Kim es un sujeto de 1,70 de estatura, flaco, de cabello negro y largo. Solo le falta vestir un keikogi para parecer un karateka. Juega fútbol varios días a la semana, con un grupo de amigos, en una cancha sintética de la Avenida Las Vegas.

Retoma el relato en el momento en que sus padres se establecieron en un campo de refugiados. Tuvieron que enviar a varios de los hijos para que se criaran con familiares, lejos de la guerra. En breve, su papá abrió su taller de orfebrería. Su mamá se quedaba en el albergue cocinando pastas de fríjol y arroz para la familia. Era el inicio del decenio del setenta. Fue entonces, allá en Laos, cuando nacieron Kim, en 1972, y los dos menores. Los padres soñaban con salir de ese lugar de vida incómoda y difícil.

Y salieron.

La guerra se extendió hasta Laos y los sorprendió allá. De nuevo, la familia Le volvió a desplazarse. Otra vez, caminadas interminables por valles y montañas, en climas tropicales, a veces con tiempo seco y temperaturas cálidas y otras con tormentas de lluvias heladas. De nuevo, la marcha silenciosa... Esta vez, sus plantas se detuvieron en Tailandia. Y lo que era más detestable: otra vez la vida en un campo de refugiados, con albergues hechos de carpas y de construcciones precarias.

“Mis padres intentaban mantener la familia unida —cuenta Kim—. También, que no perdiéramos la cultura vietnamita: la lengua, las costumbres, la comida, las canciones, el budismo. Todos somos budistas”.

Para ellos es importante el signo del calendario chino. A veces, en las casas, en lugar de llamarlos por el nombre, a los hijos los llaman por el del animal. A él, Rata: el primero de los signos del zodíaco. Dicen que trae prosperidad y es símbolo de astucia.

Sin desmayo, llenaban solicitudes de asilo en Alemania, Estados Unidos y Australia. Seis años pasaron en ese territorio. Del país europeo les llegó la invitación... Kim tenía siete años cuando llegó a Berlín.

La historia lo persigue

Kim sale a la acera a fumar un cigarrillo, tal vez con la intención de no dejar el lugar impregnado de olor a tabaco. Sin llevar la mitad, lo arroja lejos y vuelve a entrar.

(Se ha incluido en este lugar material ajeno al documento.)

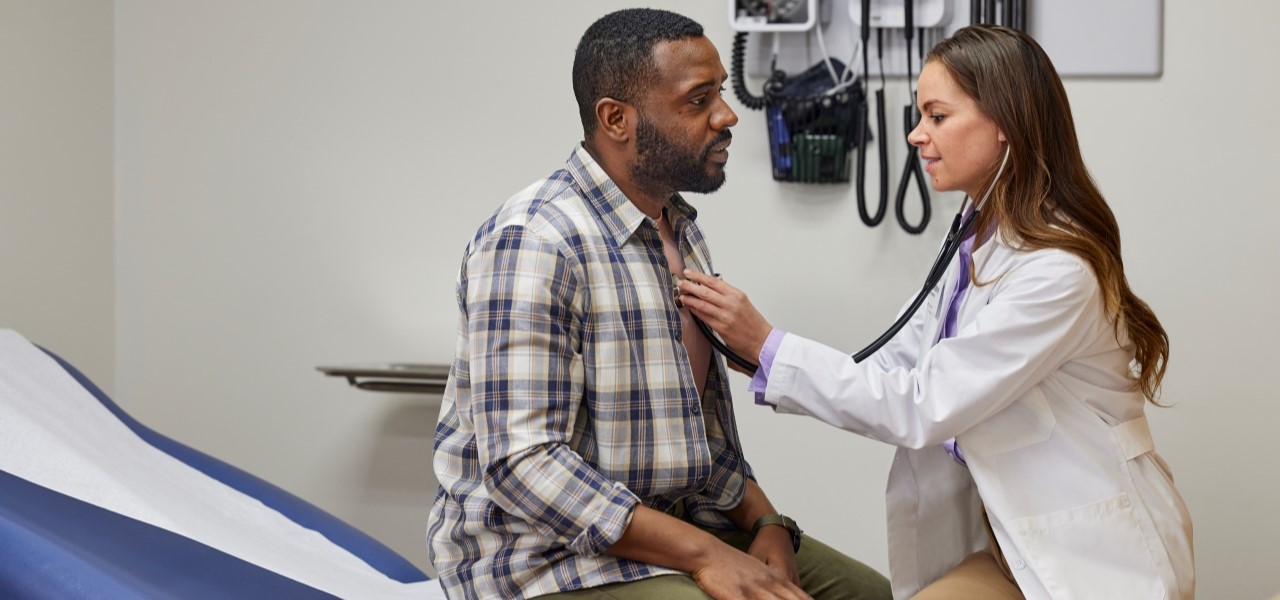 MinuteClinic at CVS and practitioner checking a patient's vital signs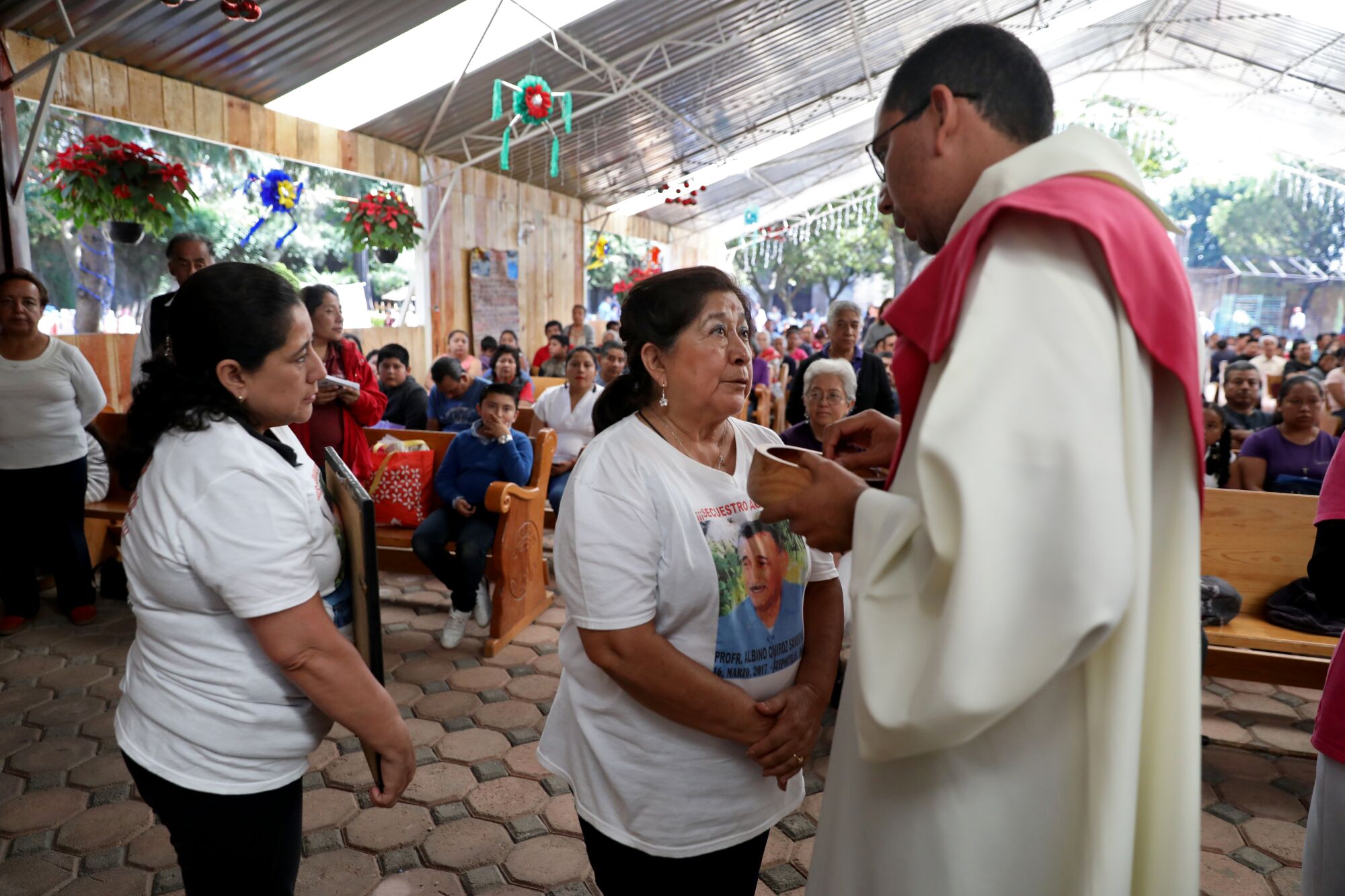 Maricela Peñaloza Flores, center, with daughter Georgina Quiroz Peñaloza, asks the priest if she can make an announcement about her husband in Tepoztlán, Mexico, on Dec. 15.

La caída del Muro de Berlín ocurrió entre la noche del 9 a la mañana del 10 de noviembre 1989. Kim Ngoc Le tenía 16 años cuando lo vio caer. Era estudiante de bachillerato y cuando no estaba en el colegio, sus viejos seguían enseñándole las tradiciones. Ya entendía qué sucedía. La caída del Muro de la Vergüenza era consecuencia de nuevos vientos orbitales, soplados principalmente desde la Unión Soviética con un abanico llamado Perestroika, que descolgó la cortina de hierro.

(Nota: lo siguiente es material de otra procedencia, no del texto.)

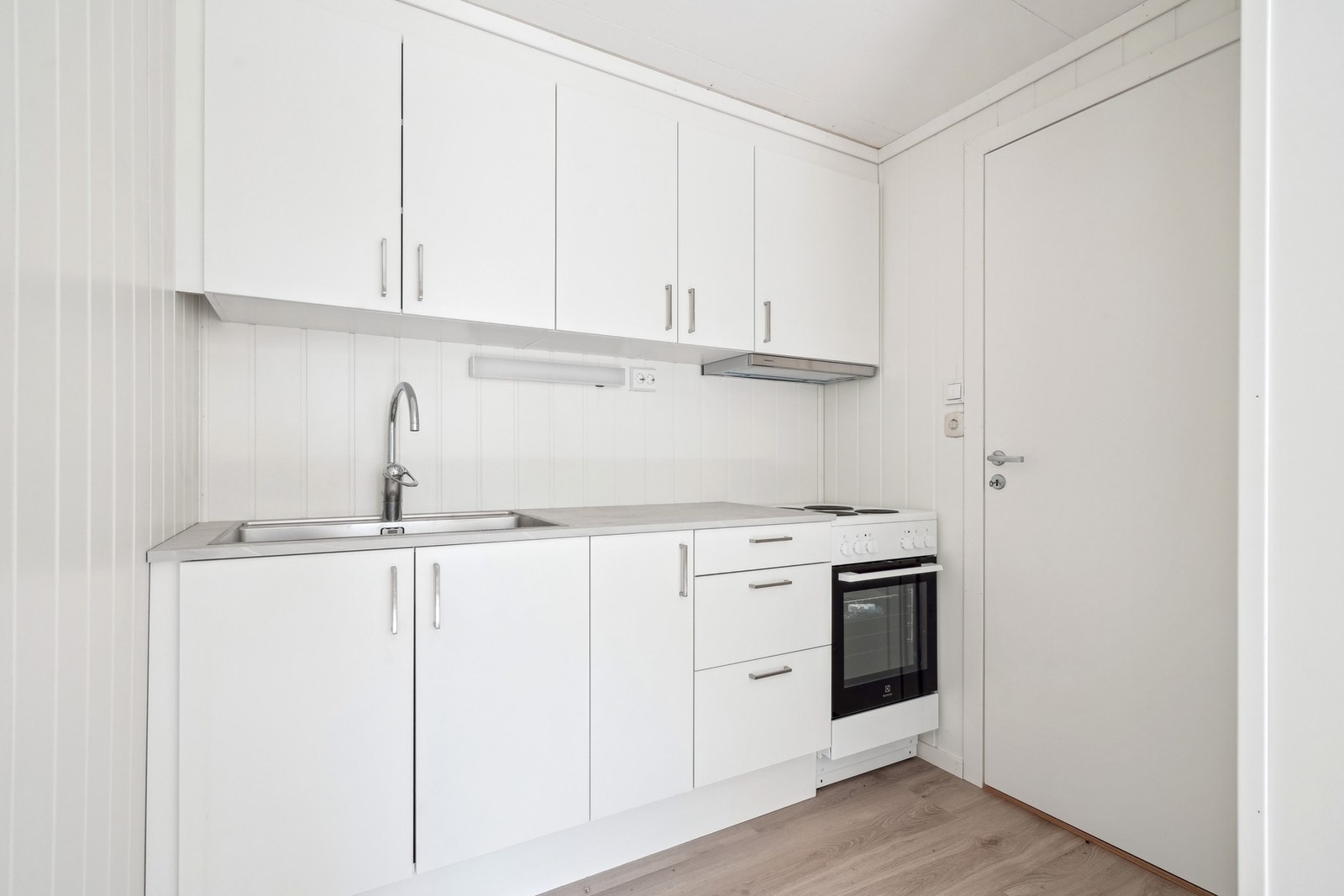 Kjøkkeninnredningen har hvite glatte fronter og en laminat benkeplate. Det er kjøkkenventilator med avtrekk ut over komfyren. Galleribilde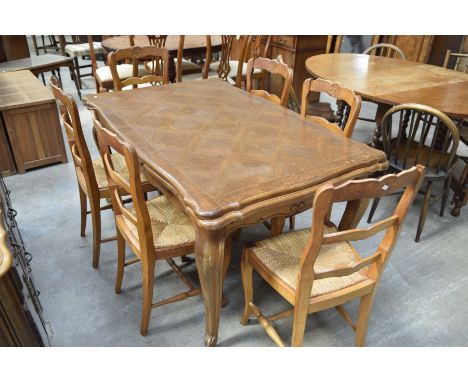 A rustic French style dining room suiteComprising an extending oak dining table with a lattice veneerer top raised upon curvi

“Fue un acontecimiento importante. Hasta ese momento, las personas del Este no podían ver a las de Berlín occidental. Había dos Berlines”.

Es cierto que jamás había planeado radicarse en Envigado, pero vivir en Colombia no es una casualidad. América Latina, en especial la Amazonía, era su imán. Pasó por primera vez por Colombia en 2000 “y la gente me pareció amable. Me ha recibido bien. Estuve en Popayán, de paso para Ecuador. Unos muchachos me dijeron: te invitamos a un trago. Después, me llevaron a conocer a sus padres. Me pregunté extrañado: ‘¡por qué querrán que conozca a su familia?’. Me llevaron a su casa y me quedé allí más de ocho días. Al momento de la despedida, me entregaron una carta escrita a mano, en la que decían que les había encantado conocerme. Es un bonito recuerdo”.

Vivía cómodo en Alemania. Incluso con cierto lujo. Trabajaba en restaurantes y en vacaciones salía de viaje. Hasta que un día quiso cambiar el ritmo de vida. Echó a andar.

Pensó en quedarse en Colombia. Para vivir, por su puesto, abrió el restaurante. Lo demás fue decirle a su hermano, Le Dung, que le enseñara unas recetas más para enriquecer la carta.

“Al principio, estaba temeroso sobre la aceptación de la comida oriental, porque aquí la gente es muy carnívora”. Pero después de dos meses difíciles, todo comenzó a ser fácil.

¿De qué lugar del mundo se siente? “De ninguno. Las naciones son inventos. Tener patria no sirve para nada”.